MATERIAL FOR THE TASK:
══════════
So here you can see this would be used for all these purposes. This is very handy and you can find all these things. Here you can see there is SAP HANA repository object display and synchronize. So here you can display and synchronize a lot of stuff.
══════════
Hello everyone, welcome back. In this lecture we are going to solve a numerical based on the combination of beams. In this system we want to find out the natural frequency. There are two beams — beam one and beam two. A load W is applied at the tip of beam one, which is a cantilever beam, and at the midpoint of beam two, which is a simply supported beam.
══════════
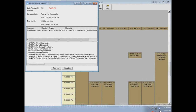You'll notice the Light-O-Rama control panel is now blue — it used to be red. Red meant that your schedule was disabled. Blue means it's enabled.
══════════
PROBLEM STATEMENT: Your answer should consist of copies of the lines above that include the string "this".

RESULT BELOW:
So here you can see this would be used for all these purposes. This is very handy and you can find all these things. Here you can see there is SAP HANA repository object display and synchronize. So here you can display and synchronize a lot of stuff.
Hello everyone, welcome back. In this lecture we are going to solve a numerical based on the combination of beams. In this system we want to find out the natural frequency. There are two beams — beam one and beam two. A load W is applied at the tip of beam one, which is a cantilever beam, and at the midpoint of beam two, which is a simply supported beam.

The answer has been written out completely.